(Records drawn from a dataset)
───

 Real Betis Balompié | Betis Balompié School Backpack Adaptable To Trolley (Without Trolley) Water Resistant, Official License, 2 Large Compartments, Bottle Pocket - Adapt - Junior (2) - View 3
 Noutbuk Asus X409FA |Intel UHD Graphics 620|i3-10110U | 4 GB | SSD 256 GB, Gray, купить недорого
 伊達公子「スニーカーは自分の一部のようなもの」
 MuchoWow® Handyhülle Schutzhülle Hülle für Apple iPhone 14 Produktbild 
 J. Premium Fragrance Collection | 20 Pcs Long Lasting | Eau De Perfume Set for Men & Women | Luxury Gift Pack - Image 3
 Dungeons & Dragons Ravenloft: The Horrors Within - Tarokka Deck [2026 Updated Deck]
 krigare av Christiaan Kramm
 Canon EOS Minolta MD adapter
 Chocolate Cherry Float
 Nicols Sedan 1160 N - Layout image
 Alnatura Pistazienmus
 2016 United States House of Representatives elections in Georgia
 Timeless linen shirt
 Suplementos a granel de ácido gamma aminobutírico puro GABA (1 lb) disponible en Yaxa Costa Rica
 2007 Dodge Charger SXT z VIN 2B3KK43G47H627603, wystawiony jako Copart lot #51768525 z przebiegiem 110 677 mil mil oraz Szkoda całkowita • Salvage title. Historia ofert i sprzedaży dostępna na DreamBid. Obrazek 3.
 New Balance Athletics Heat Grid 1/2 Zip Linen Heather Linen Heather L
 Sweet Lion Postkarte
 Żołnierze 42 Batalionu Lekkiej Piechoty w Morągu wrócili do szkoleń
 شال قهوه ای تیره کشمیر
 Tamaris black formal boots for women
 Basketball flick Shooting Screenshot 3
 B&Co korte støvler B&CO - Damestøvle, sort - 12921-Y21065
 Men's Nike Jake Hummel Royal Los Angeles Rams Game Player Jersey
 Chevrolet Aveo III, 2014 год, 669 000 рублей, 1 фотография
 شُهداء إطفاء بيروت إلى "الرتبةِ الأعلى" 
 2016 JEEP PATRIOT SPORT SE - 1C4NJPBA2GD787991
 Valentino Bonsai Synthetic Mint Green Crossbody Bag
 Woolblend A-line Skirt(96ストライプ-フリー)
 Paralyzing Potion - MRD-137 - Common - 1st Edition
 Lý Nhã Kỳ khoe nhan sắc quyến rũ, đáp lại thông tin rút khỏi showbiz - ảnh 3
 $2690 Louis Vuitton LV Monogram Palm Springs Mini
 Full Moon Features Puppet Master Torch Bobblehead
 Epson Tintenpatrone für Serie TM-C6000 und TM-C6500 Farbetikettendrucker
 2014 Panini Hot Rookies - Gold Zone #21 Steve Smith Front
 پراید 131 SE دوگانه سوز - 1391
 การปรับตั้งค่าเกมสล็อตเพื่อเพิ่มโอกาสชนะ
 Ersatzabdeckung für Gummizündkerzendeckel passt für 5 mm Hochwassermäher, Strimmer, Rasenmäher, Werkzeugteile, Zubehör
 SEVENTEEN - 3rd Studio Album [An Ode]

───

» **EXERCISE INSTRUCTIONS**: The records above are to be given again in full, word for word.

» **EXPECTED ANSWER**:
 Real Betis Balompié | Betis Balompié School Backpack Adaptable To Trolley (Without Trolley) Water Resistant, Official License, 2 Large Compartments, Bottle Pocket - Adapt - Junior (2) - View 3
 Noutbuk Asus X409FA |Intel UHD Graphics 620|i3-10110U | 4 GB | SSD 256 GB, Gray, купить недорого
 伊達公子「スニーカーは自分の一部のようなもの」
 MuchoWow® Handyhülle Schutzhülle Hülle für Apple iPhone 14 Produktbild 
 J. Premium Fragrance Collection | 20 Pcs Long Lasting | Eau De Perfume Set for Men & Women | Luxury Gift Pack - Image 3
 Dungeons & Dragons Ravenloft: The Horrors Within - Tarokka Deck [2026 Updated Deck]
 krigare av Christiaan Kramm
 Canon EOS Minolta MD adapter
 Chocolate Cherry Float
 Nicols Sedan 1160 N - Layout image
 Alnatura Pistazienmus
 2016 United States House of Representatives elections in Georgia
 Timeless linen shirt
 Suplementos a granel de ácido gamma aminobutírico puro GABA (1 lb) disponible en Yaxa Costa Rica
 2007 Dodge Charger SXT z VIN 2B3KK43G47H627603, wystawiony jako Copart lot #51768525 z przebiegiem 110 677 mil mil oraz Szkoda całkowita • Salvage title. Historia ofert i sprzedaży dostępna na DreamBid. Obrazek 3.
 New Balance Athletics Heat Grid 1/2 Zip Linen Heather Linen Heather L
 Sweet Lion Postkarte
 Żołnierze 42 Batalionu Lekkiej Piechoty w Morągu wrócili do szkoleń
 شال قهوه ای تیره کشمیر
 Tamaris black formal boots for women
 Basketball flick Shooting Screenshot 3
 B&Co korte støvler B&CO - Damestøvle, sort - 12921-Y21065
 Men's Nike Jake Hummel Royal Los Angeles Rams Game Player Jersey
 Chevrolet Aveo III, 2014 год, 669 000 рублей, 1 фотография
 شُهداء إطفاء بيروت إلى "الرتبةِ الأعلى" 
 2016 JEEP PATRIOT SPORT SE - 1C4NJPBA2GD787991
 Valentino Bonsai Synthetic Mint Green Crossbody Bag
 Woolblend A-line Skirt(96ストライプ-フリー)
 Paralyzing Potion - MRD-137 - Common - 1st Edition
 Lý Nhã Kỳ khoe nhan sắc quyến rũ, đáp lại thông tin rút khỏi showbiz - ảnh 3
 $2690 Louis Vuitton LV Monogram Palm Springs Mini
 Full Moon Features Puppet Master Torch Bobblehead
 Epson Tintenpatrone für Serie TM-C6000 und TM-C6500 Farbetikettendrucker
 2014 Panini Hot Rookies - Gold Zone #21 Steve Smith Front
 پراید 131 SE دوگانه سوز - 1391
 การปรับตั้งค่าเกมสล็อตเพื่อเพิ่มโอกาสชนะ
 Ersatzabdeckung für Gummizündkerzendeckel passt für 5 mm Hochwassermäher, Strimmer, Rasenmäher, Werkzeugteile, Zubehör
 SEVENTEEN - 3rd Studio Album [An Ode]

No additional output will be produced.